**GOAL OF THE EXERCISE**
Only the lines below from the one that holds "TCL 3000 Sq." through the one that holds "Vagabond Sandalen schwarz" should appear in the answer, copied exactly, end lines included and pictures omitted.

**PROVIDED MATERIAL**

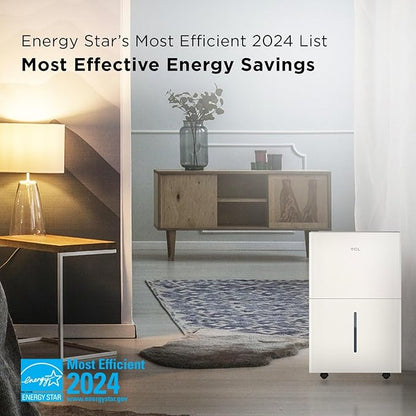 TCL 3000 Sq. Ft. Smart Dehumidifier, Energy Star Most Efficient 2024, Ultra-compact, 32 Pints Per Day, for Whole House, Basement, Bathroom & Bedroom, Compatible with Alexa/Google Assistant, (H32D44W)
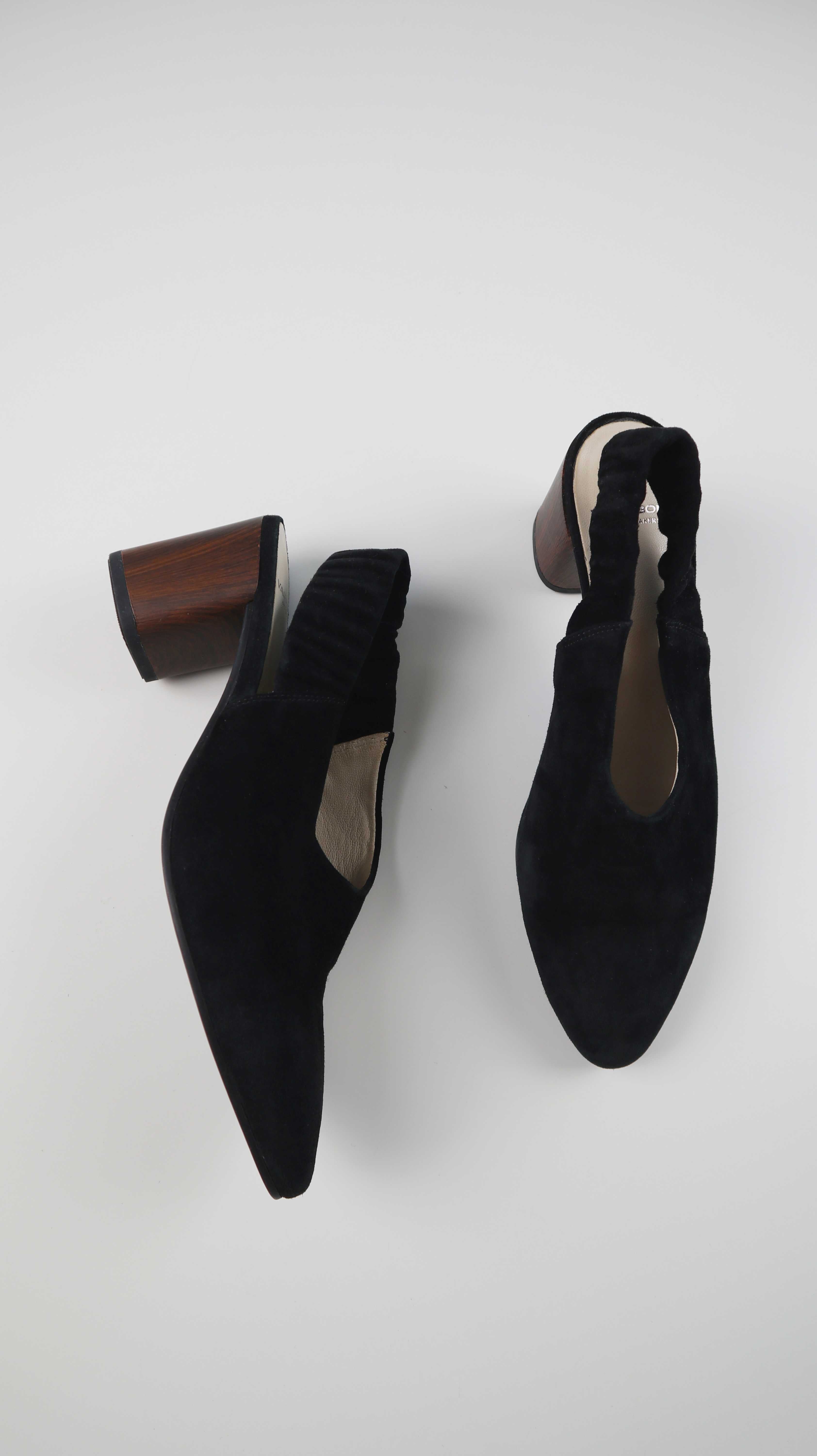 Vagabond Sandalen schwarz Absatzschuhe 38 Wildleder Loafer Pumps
--
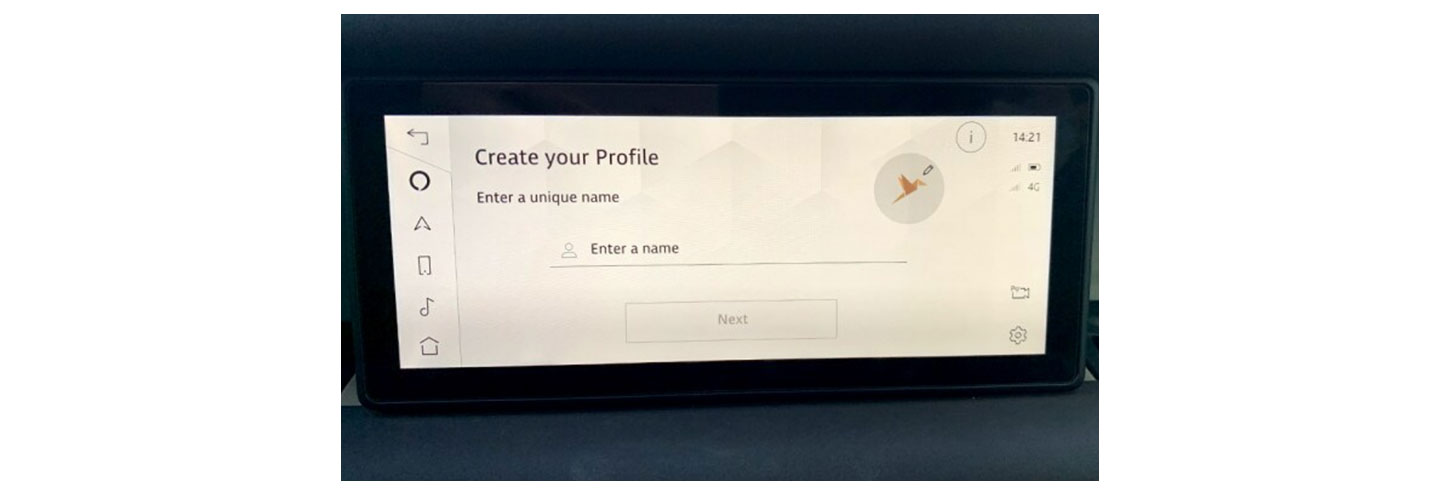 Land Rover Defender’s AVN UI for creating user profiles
==
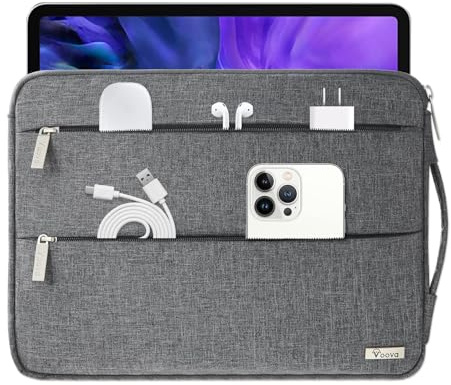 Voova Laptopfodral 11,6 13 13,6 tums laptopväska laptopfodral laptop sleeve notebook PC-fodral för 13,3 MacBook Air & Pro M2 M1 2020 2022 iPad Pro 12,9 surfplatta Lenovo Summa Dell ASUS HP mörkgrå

**RESPONSE BOX**
 TCL 3000 Sq. Ft. Smart Dehumidifier, Energy Star Most Efficient 2024, Ultra-compact, 32 Pints Per Day, for Whole House, Basement, Bathroom & Bedroom, Compatible with Alexa/Google Assistant, (H32D44W)
 Vagabond Sandalen schwarz Absatzschuhe 38 Wildleder Loafer Pumps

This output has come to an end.